• RECORDED INFORMATION
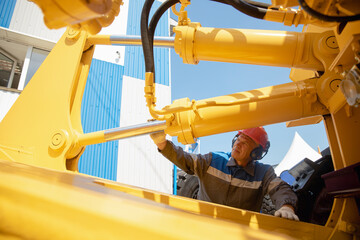 Machinery tractor mechanic checks hydraulic hose system equipment on excavator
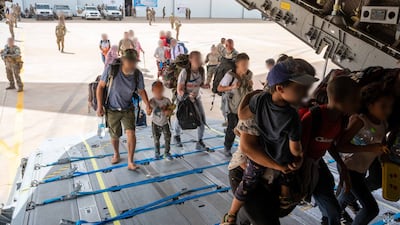 Foreign citizens board a plane at a French military air base in Khartoum to leave Sudan on April 23. AFP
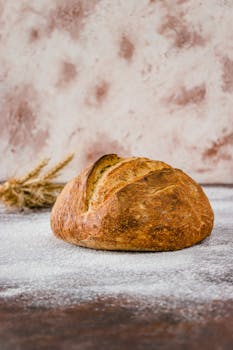 Freshly baked rustic whole wheat bread with flour-dusted surface in a warm kitchen setting.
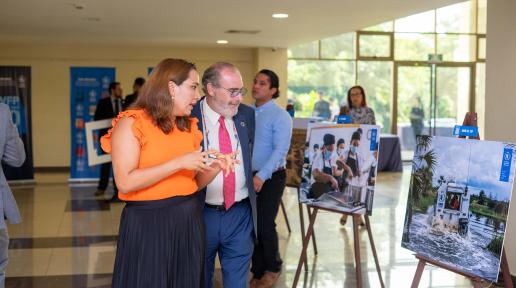 Una mujer y un hombre observan fotografías de una exposición fotográfica sobre el trabajo que realiza el Programa Mundial de Alimentos en El Salvador.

• REQUIREMENT
Every line of the data above is to be set down word for word, with the pictures left out.

• RESPONSE BOX
 Machinery tractor mechanic checks hydraulic hose system equipment on excavator
 Foreign citizens board a plane at a French military air base in Khartoum to leave Sudan on April 23. AFP
 Freshly baked rustic whole wheat bread with flour-dusted surface in a warm kitchen setting.
 Una mujer y un hombre observan fotografías de una exposición fotográfica sobre el trabajo que realiza el Programa Mundial de Alimentos en El Salvador.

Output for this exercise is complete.